» Extracted information:
+---+
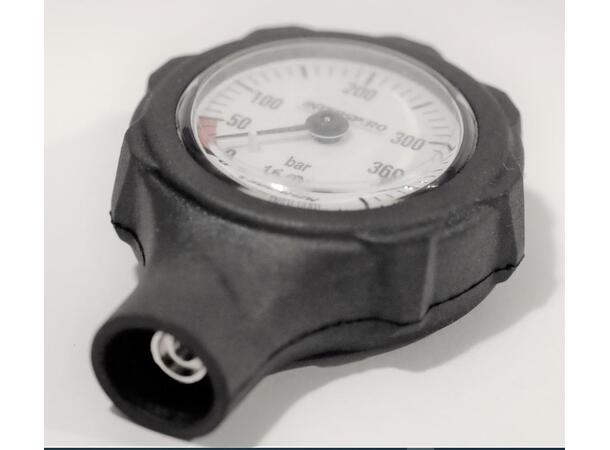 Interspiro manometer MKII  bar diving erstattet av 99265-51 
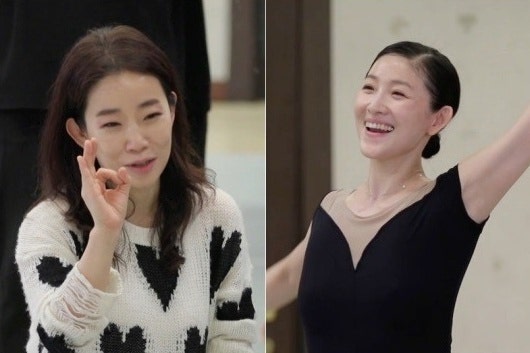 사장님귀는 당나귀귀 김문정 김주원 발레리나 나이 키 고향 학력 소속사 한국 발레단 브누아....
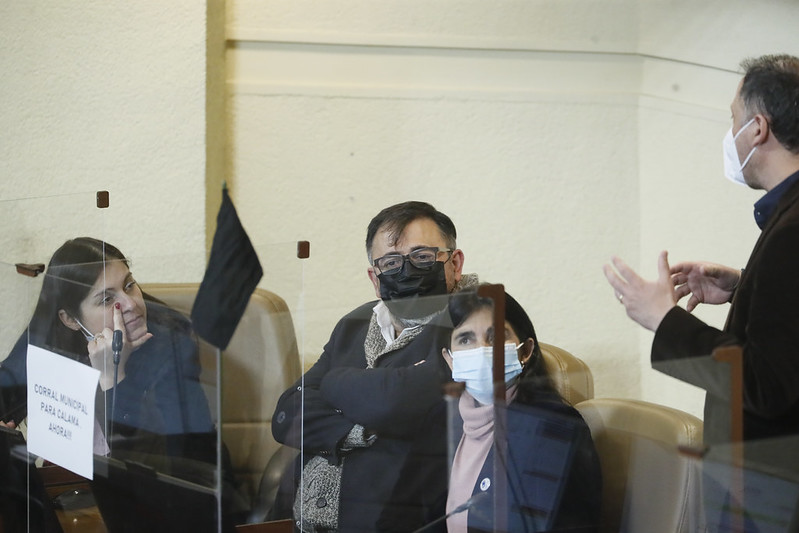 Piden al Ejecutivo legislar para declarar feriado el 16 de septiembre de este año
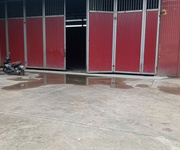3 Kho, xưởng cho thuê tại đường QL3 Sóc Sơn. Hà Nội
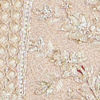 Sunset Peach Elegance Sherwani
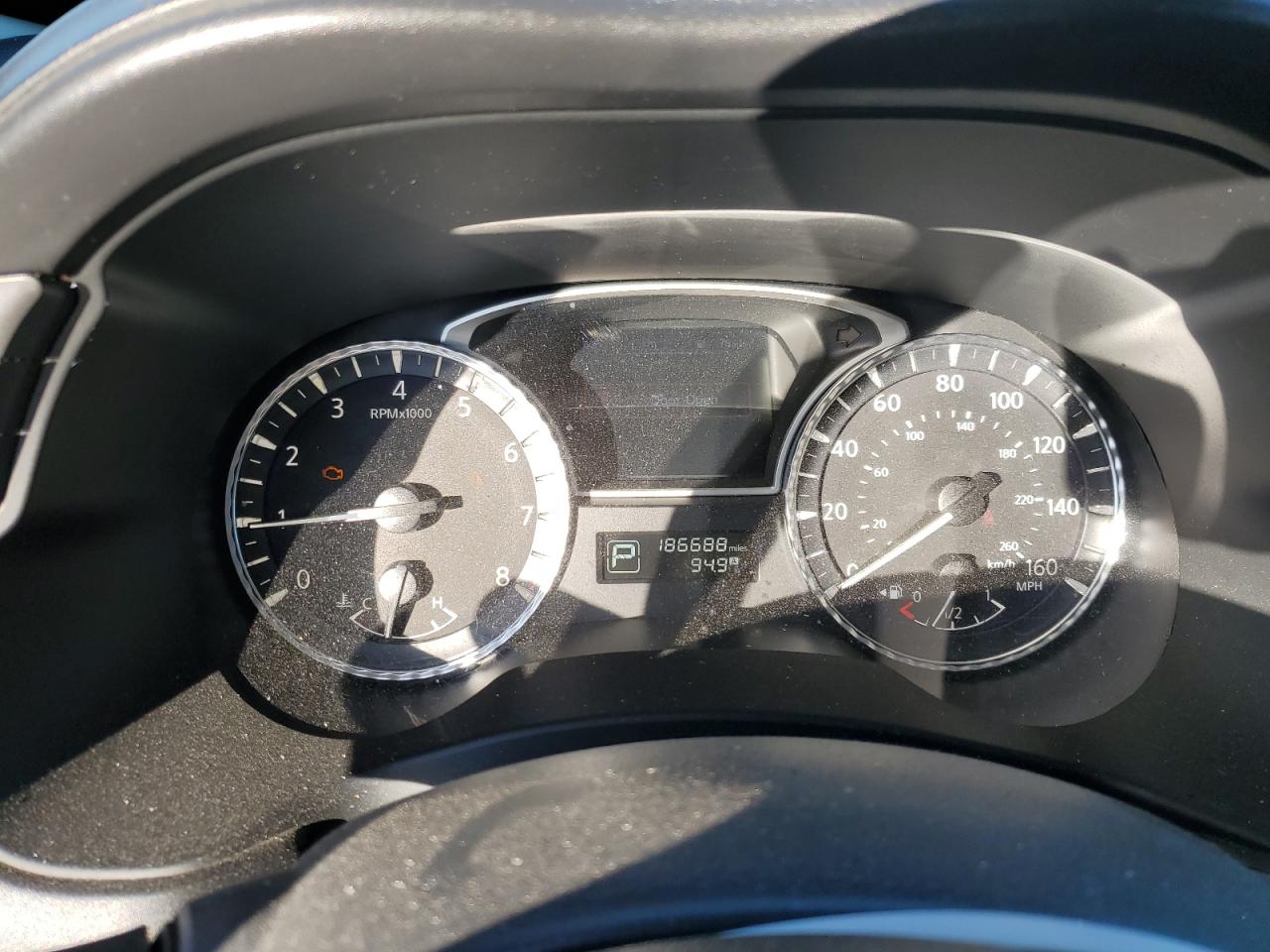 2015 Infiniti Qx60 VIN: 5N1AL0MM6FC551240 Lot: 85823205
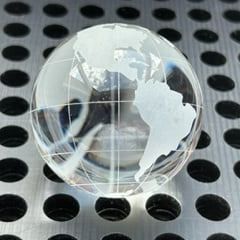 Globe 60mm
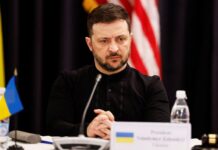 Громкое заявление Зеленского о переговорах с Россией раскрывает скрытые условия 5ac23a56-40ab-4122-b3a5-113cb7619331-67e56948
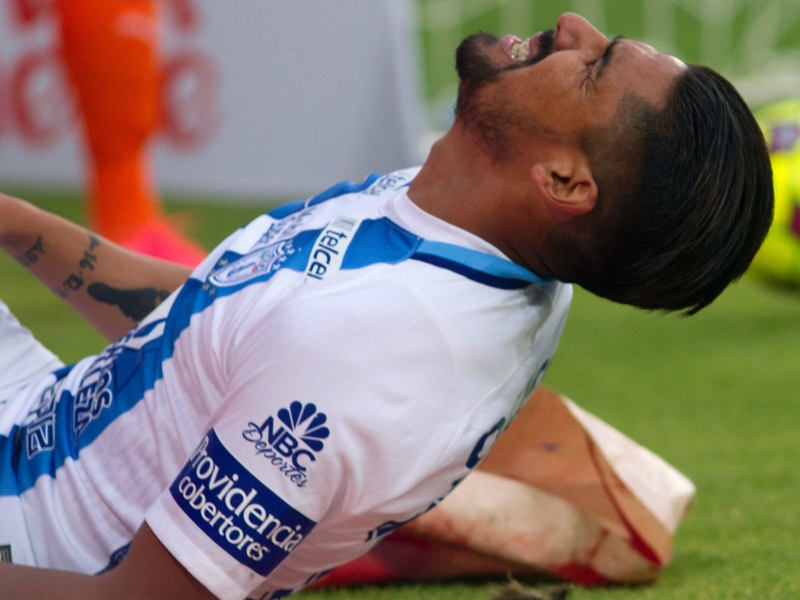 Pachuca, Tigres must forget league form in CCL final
+---+
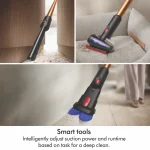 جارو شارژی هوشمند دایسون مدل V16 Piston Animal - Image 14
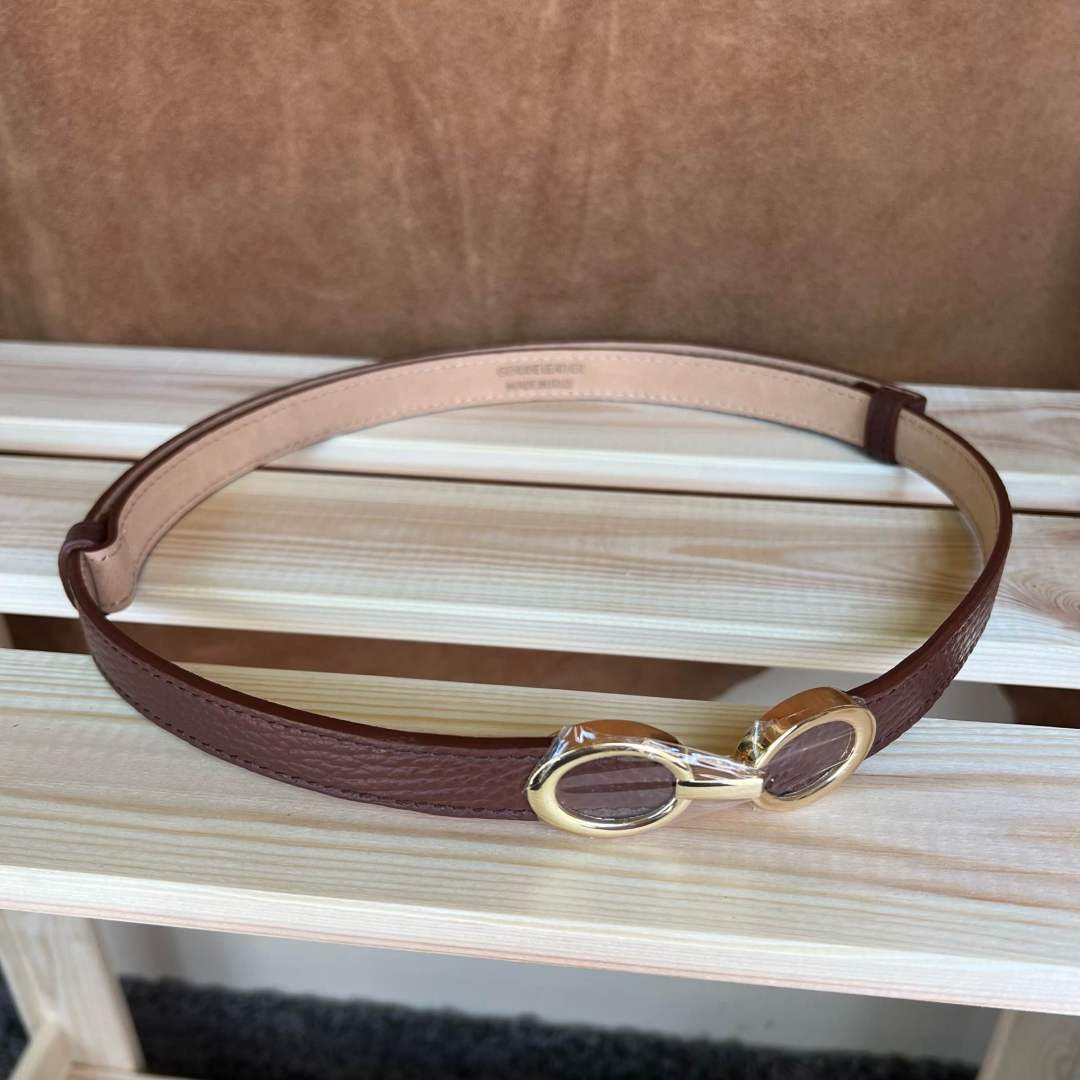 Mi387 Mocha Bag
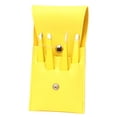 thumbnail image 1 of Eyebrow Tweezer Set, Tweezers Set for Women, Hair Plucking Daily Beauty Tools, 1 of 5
+---+
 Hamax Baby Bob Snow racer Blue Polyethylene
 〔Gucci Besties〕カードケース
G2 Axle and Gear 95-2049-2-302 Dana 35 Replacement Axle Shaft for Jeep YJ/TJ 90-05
+---+
» Description of the task:
What you return from the records above should be exactly everything from the line with "Громкое заявление Зеленского" down to the line with "Pachuca, Tigres must", both kept, and no pictures.

» Reply:
 Громкое заявление Зеленского о переговорах с Россией раскрывает скрытые условия 5ac23a56-40ab-4122-b3a5-113cb7619331-67e56948
 Pachuca, Tigres must forget league form in CCL final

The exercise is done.